Aparte de la falta de establecimientos adecuados, el hacinamiento de los penales es atribuible a que los jueces abusan de esta medida cautelar de carácter excepcional, muchas veces por temor a que la opinión pública los acuse de favorecer la impunidad y, por ende, el aumento de la delincuencia. Deberían tener el valor de responder solo a la ley y a su conciencia, tanto para sentenciar como para imponer una medida sustitutiva o alternativa de la prisión preventiva. La aplicación casi automática de esta ha contribuido menos a reducir la inseguridad que a superpoblar las prisiones, donde presuntos rateros –no condenados– terminan siendo reclutados por la mafia allí instalada. A ello se suma su duración indeterminada, que puede extenderse desde los seis meses, que es la pena mínima para ciertos delitos, hasta los cinco años, que es la prevista para hechos punibles graves, como el homicidio doloso, pese a que el CPP prohíbe expresamente que la prisión preventiva dure más de dos años.
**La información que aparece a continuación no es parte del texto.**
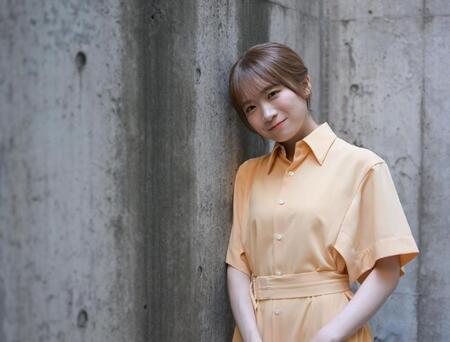 　３２歳の誕生日に初のフォトブックを発売する秋元真夏（撮影・伊藤笙子）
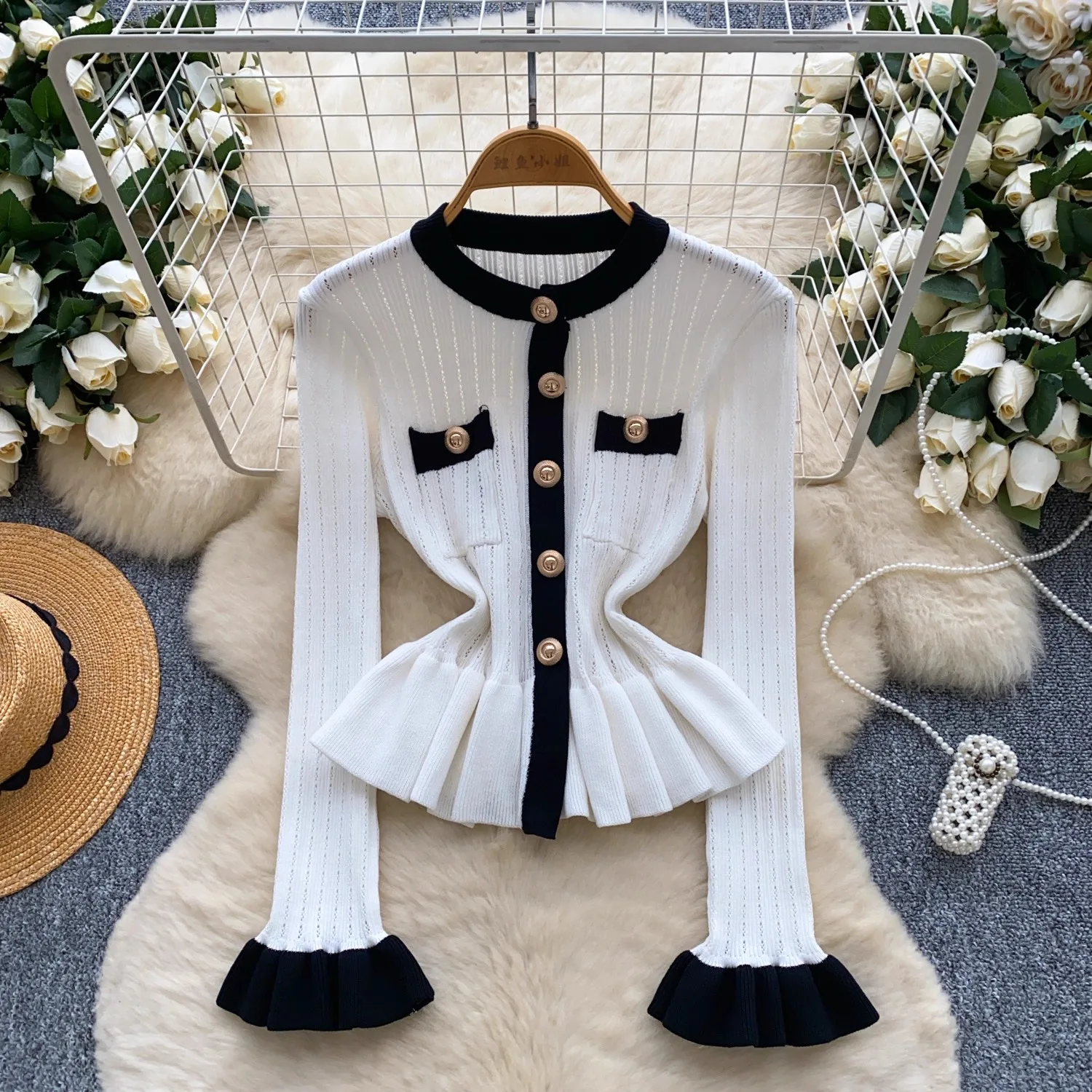 

YuooMuoo Brand Fashion Vintage Ruffled Knitted Tops French Style Metal Buttons Long Sleeve Pullover Sweaters Elegant Lady Shirt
En su duración también influye, de hecho, la excesiva dilación de los procesos penales, que suele atribuirse no solo al recargo de trabajo de la judicatura, sino también a su consabida morosidad: una persona inocente, que carezca de dinero y de influencia, no puede confiar tanto en una pronta sentencia absolutoria como en el cumplimiento de algunos de los plazos fijados para la duración máxima de la prisión preventiva. Entre las medidas alternativas o sustitutivas, que apuntan a evitar el peligro de fuga o de obstrucción de la pesquisa por parte de un imputado en libertad, figuran el arresto domiciliario y la obligación de presentarse periódicamente ante la autoridad designada por el juez, disposiciones estas que pueden ser impuestas conjunta o indistintamente, siempre que, entre otras cosas, el imputado no sea un reincidente ni el hecho que se le atribuye implique un crimen, sancionado con pena privativa de libertad mayor de cinco años. En este punto llama la atención que muchos rateros y otros delincuentes que tienen un frondoso prontuario –algunos con una decena o más de entradas en prisión– sigan haciendo de las suyas en las calles, mientras que otras personas sospechadas de un primer incidente delictivo ya sufren la cárcel.

La aplicación sistemática de las medidas alternativas contribuiría a poner fin al escándalo de que la mayoría de la población penitenciaria esté integrada por personas que, en puridad, aún gozan de la presunción de inocencia. El grave problema radica en que su cumplimiento no es vigilado como se debe, con el resultado de que los beneficiarios podrían volver a las andadas, si en verdad fueran unos facinerosos. Es necesario, entonces, que exista un control muy riguroso, tan riguroso como deber ser el juez al determinar si se han dado los requisitos conjuntos exigidos por el CPP para dictar la prisión preventiva, que solo procede “cuando fuese indispensable en las diligencias del juicio”. En caso de duda, tendría que abstenerse de tomarla, en virtud del principio “in dubio pro reo”.

Es aberrante que un procesado que resulte inocente haya sido privado de su libertad, aunque más no sea por un día, razón por la que se ha dicho que “es mejor que diez personas culpables escapen a que un inocente sufra”. El 15 de noviembre de 2018 fue absuelta de culpa y pena una señora, acusada de homicidio por un pariente, que se hallaba en prisión preventiva ¡¡¡desde el 6 de mayo de 2016!!!, además sin que la Fiscalía haya ofrecido una sola prueba en su contra. ¿Quién le devuelve esos años perdidos? La Ley Suprema prevé una indemnización por el Estado solo en caso de condena por error judicial. Claro que hay que combatir la impunidad, pero también injusticias flagrantes como esta, que demuestran hasta qué punto se abusa de la prisión preventiva.